Just as the discrete frames of a movie create moving pictures, the samples of a digital audio recording create time-varying music; there is little conceptual difference between the visual and aural systems. In a digital audio system, we must smooth out the bumps in the incoming signal; specifically, it is low-pass filtered at 20 kHz.

When this above-audibility filtering is accomplished, we can successfully sample the signal such that there is no loss of information between the sampled signal at the output and the smoothed signal at the input. It is not an approximation; it is exact. When the input is smoothed, we can compute all the intervening values without error and thus re-create the original waveform smoothed at the outer limit of audibility. And fortunately, the sampling rate required to achieve this is well within our technology. The Nyquist sampling theorem shows that we must sample at a rate twice the highest throughput frequency to achieve loss less reproduction. Thus, for an input signal extending from 0 Hz to 20 kHz, we must sample at twice the highest frequency, or 40 kHz. And that is essentially what manufacturers have adopted, with a guard-band to make life easier on their hardware engineers; they need a little leeway because the analog filters used cannot cut off as suddenly as the sampling theorem would like. Thus, a few thousand hertz are allowed for the filter to sufficiently attenuate the signal. An alternative approach to these so-called brick-wall filters is the oversampling technique, in which the sampling rate is effectively extended to permit less drastic filtering. Regardless of the hardware design, the Nyquist theorem must be observed, and sampling must occur at least at twice the highest signal frequency. Compact Disc players, for example, sample at 44.1 kHz. Thus, 44,100 times a second, a CD player outputs a value. With stereo, that's 88,200 times per second. And over the course of an hour, that's about 3.2 million samples. For a Compact Disc costing $15, this means you're paying about 0.00050 per sample-almost free. At any rate, the point is clear: A smoothed signal may be sampled, stored in discrete values, de-sampled, and reproduced without any loss.

Of course, this discussion doesn't close the book on sampling. Later, we will discuss exactly why we have to have a low-pass filter at the input of a digital music system (and at the output, too), what happens if we don't, and why some digital systems choose sampling methods which require rates in the megahertz range. And time sampling is only half the battle; a digital system must also be able to determine the actual numerical values it will use at sample time to represent the original waveform's amplitude; we'll byte into that question next month.

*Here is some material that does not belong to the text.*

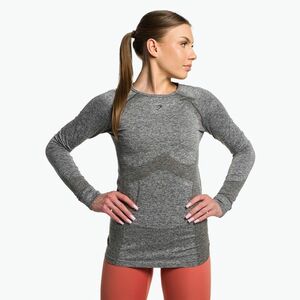 Női hosszú ujjú Gymshark Flex Top női edzőruha szénszürke szürke marl kép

Oh, I almost forgot! I mentioned that time seems to be continuous. However, some physicists have recently suggested that, like energy and matter, time also might come in discrete packets. Just as this magazine consists of a finite number of atoms, ;he time it takes you to read the magazine might consist of a finite number of time particles called "Nows." Specifically, the indivisible period of time might be 1 x 10^-42 seconds (that's a 1 preceded by 41 zeros and a decimal point). The theory is that no time interval can be shorter than this, because the energy required to make the division would be so great that a black hole would be created and the event would be swallowed up. If any of you out there are experimenting in your basements with very fast sampling rates, please be careful.